Short text fragments from websites

____________

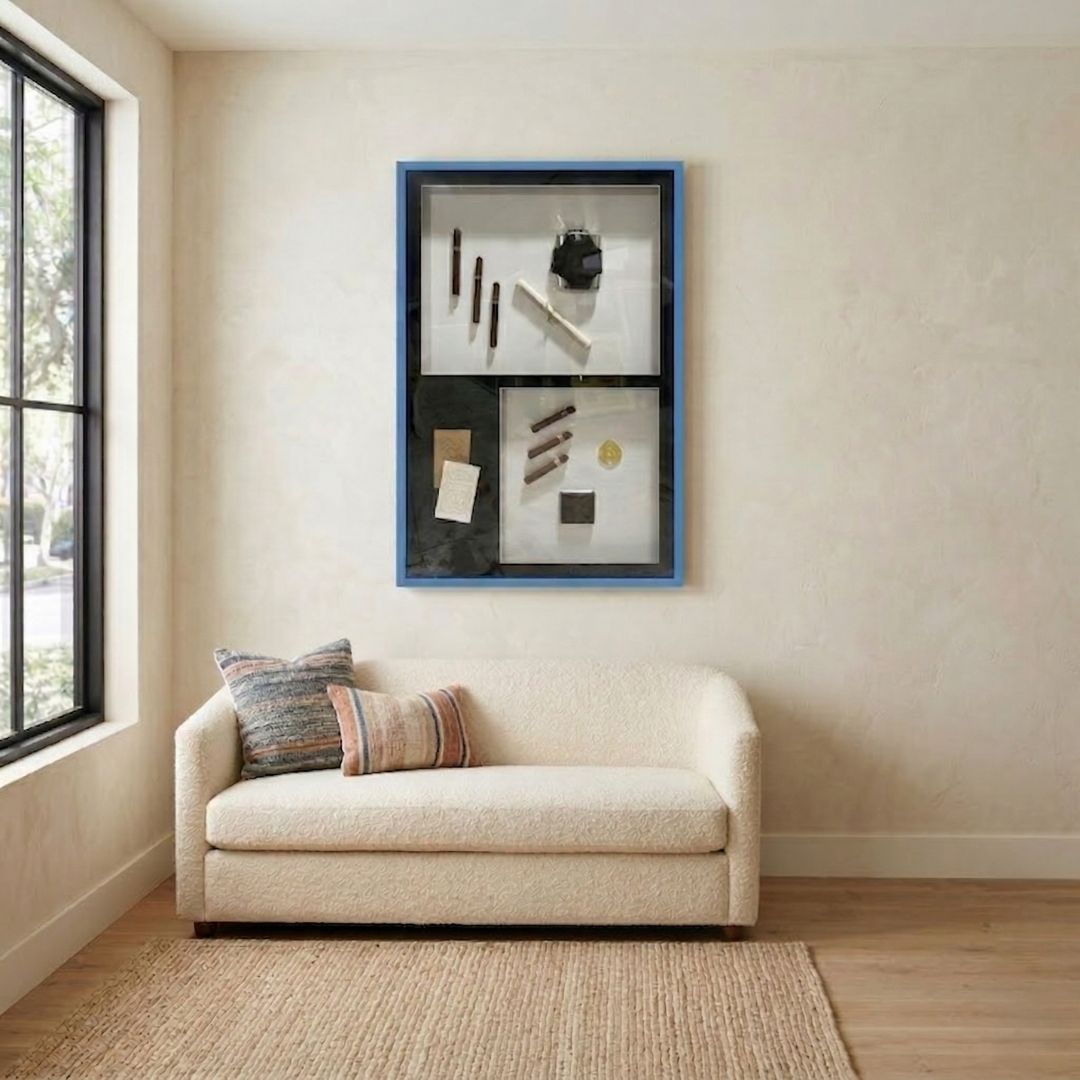 Valet Noir Gentleman Cigar Gallery Box Framed Wall Art by Giant Sculptures in a blue wood frame, displayed above a cream sofa in a neutral living room setting.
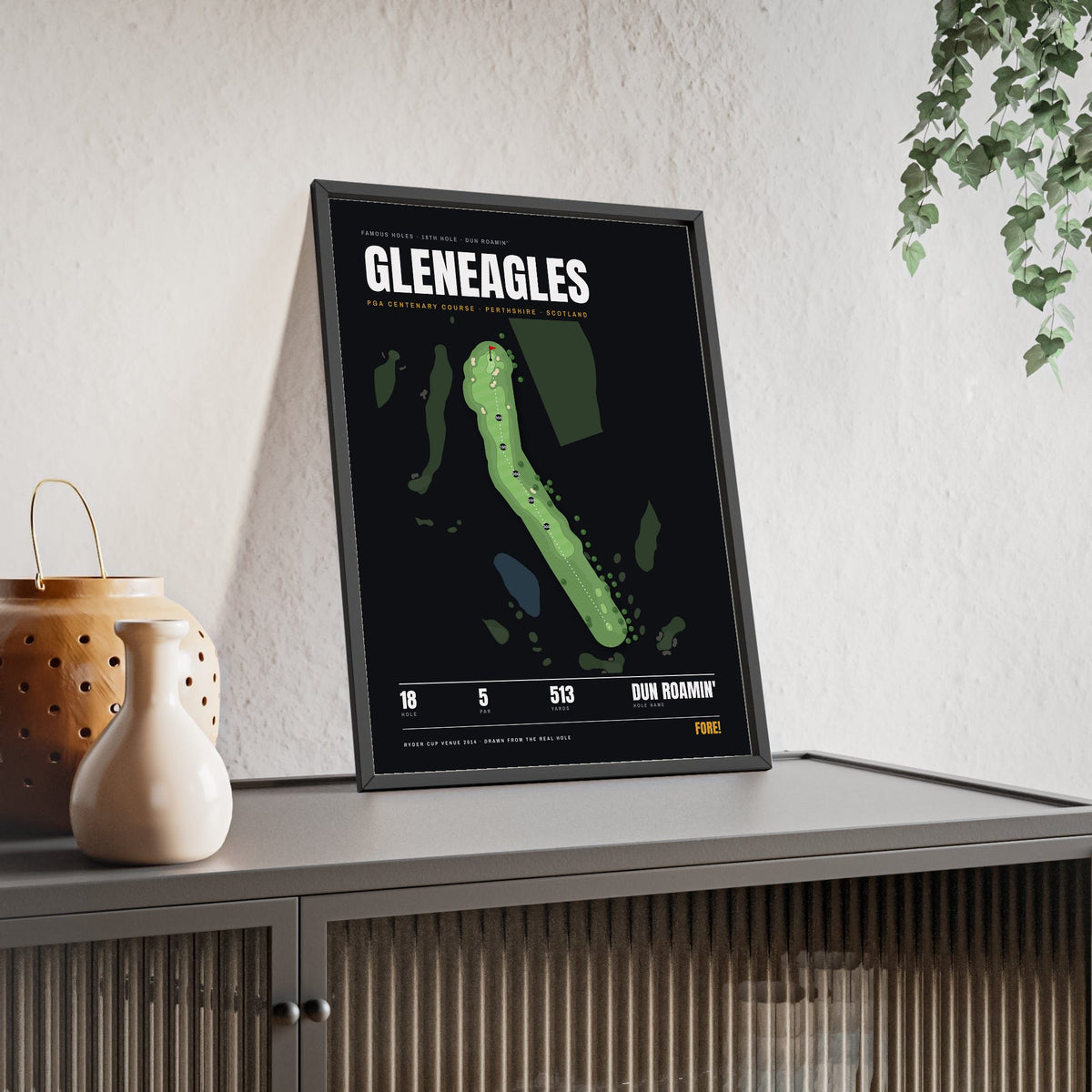Gleneagles 18th Hole print framed and leaning on a sideboard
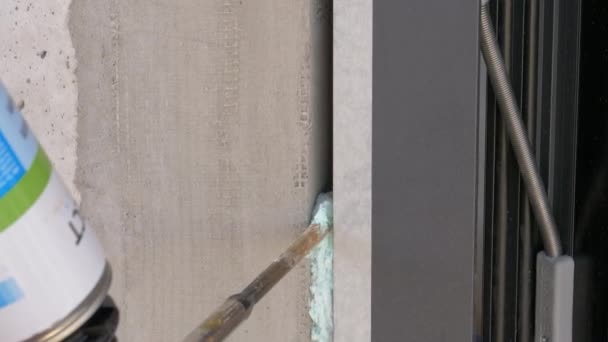 CLOSE UP: Spraypistol fyller upp ett mellanrum mellan en vägg och fönster med tätningsmedel. — Stockvideo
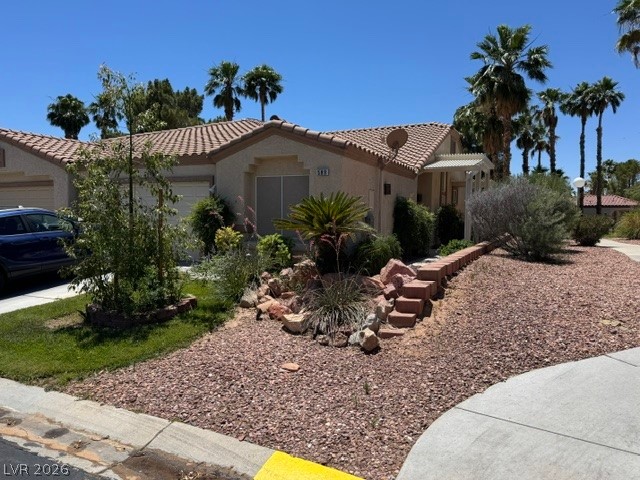 589 Beacon Ridge Way Mesquite, NV 89027 - Photo 1 of 18 Lush landscaping and mature palms define this inviting property with a charming front facade.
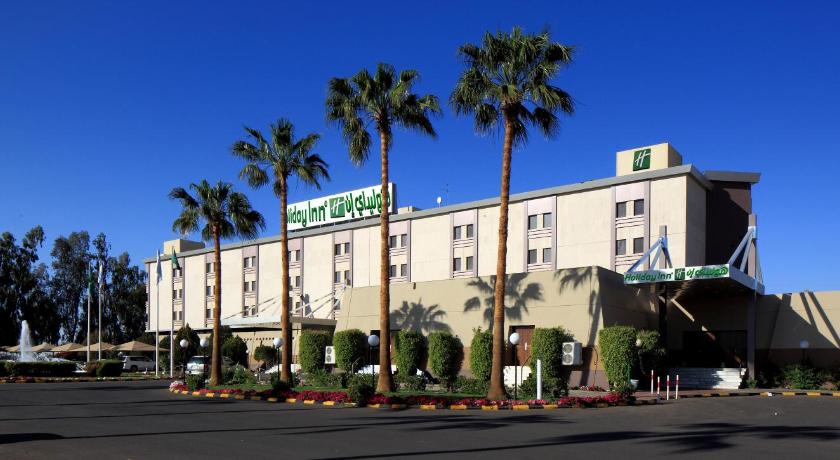 a large building with a large clock on the front of it, Holiday Inn Tabuk in Tabuk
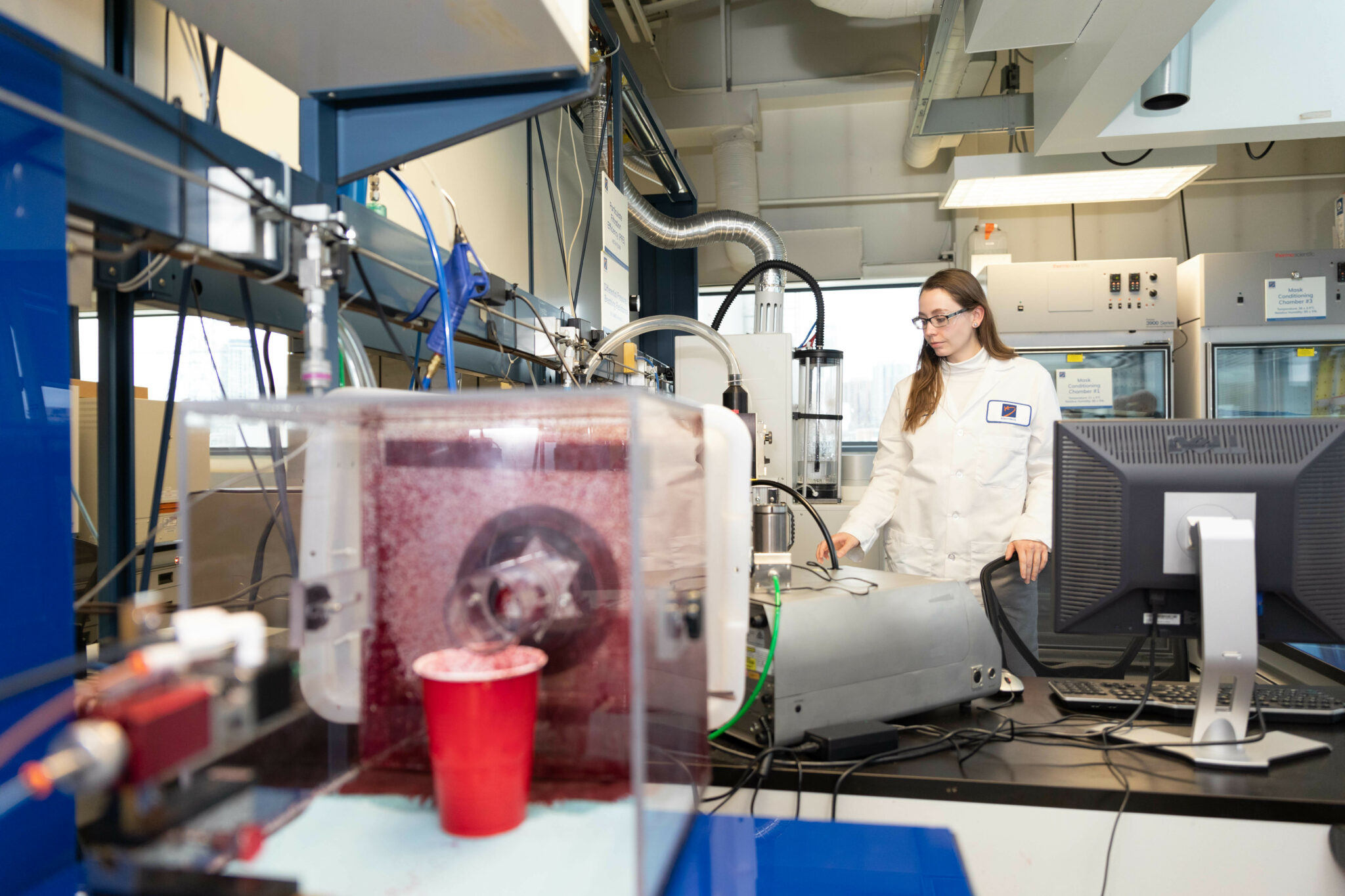 Worker performing tests in Kinectrics particle filtration efficiency lab
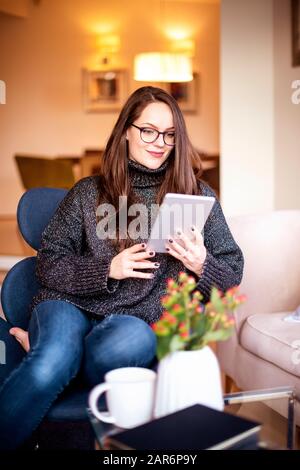 Scatto ad alto angolo di giovane donna sorridente che si rilassa in poltrona a casa mentre usa il tavolo digitale e naviga in rete. Foto Stock
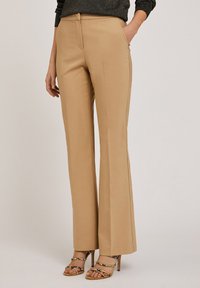 Pantalons évasés beiges en tissu lisse, dotés d'une fermeture éclair à l'avant, de passants de ceinture et de poches latérales. Portés avec des sandales à brides.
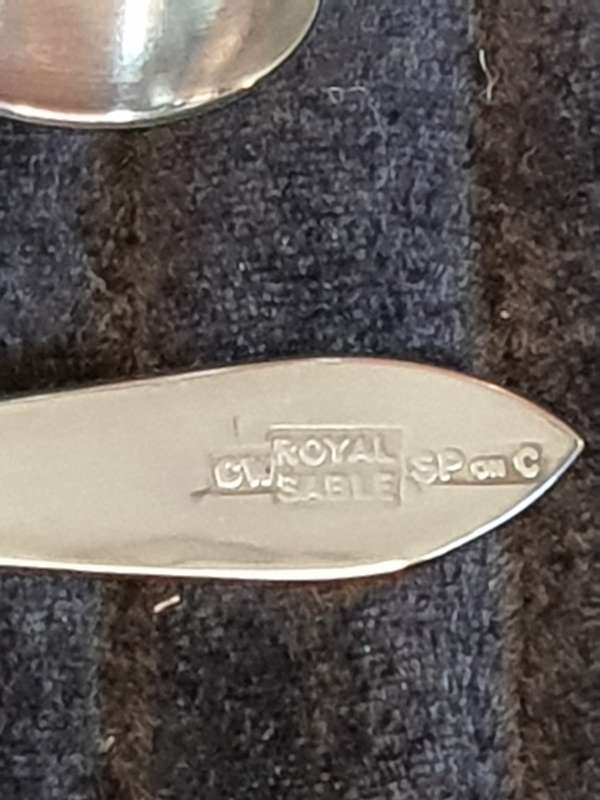 A SILVER PLATED SINGLE EGGCUP, NAPKIN RING AND A SPOON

____________

Every record, from top to bottom, gets written out exactly; no picture goes into the copy.

 Valet Noir Gentleman Cigar Gallery Box Framed Wall Art by Giant Sculptures in a blue wood frame, displayed above a cream sofa in a neutral living room setting.
Gleneagles 18th Hole print framed and leaning on a sideboard
 CLOSE UP: Spraypistol fyller upp ett mellanrum mellan en vägg och fönster med tätningsmedel. — Stockvideo
 589 Beacon Ridge Way Mesquite, NV 89027 - Photo 1 of 18 Lush landscaping and mature palms define this inviting property with a charming front facade.
 a large building with a large clock on the front of it, Holiday Inn Tabuk in Tabuk
 Worker performing tests in Kinectrics particle filtration efficiency lab
 Scatto ad alto angolo di giovane donna sorridente che si rilassa in poltrona a casa mentre usa il tavolo digitale e naviga in rete. Foto Stock
 Pantalons évasés beiges en tissu lisse, dotés d'une fermeture éclair à l'avant, de passants de ceinture et de poches latérales. Portés avec des sandales à brides.
 A SILVER PLATED SINGLE EGGCUP, NAPKIN RING AND A SPOON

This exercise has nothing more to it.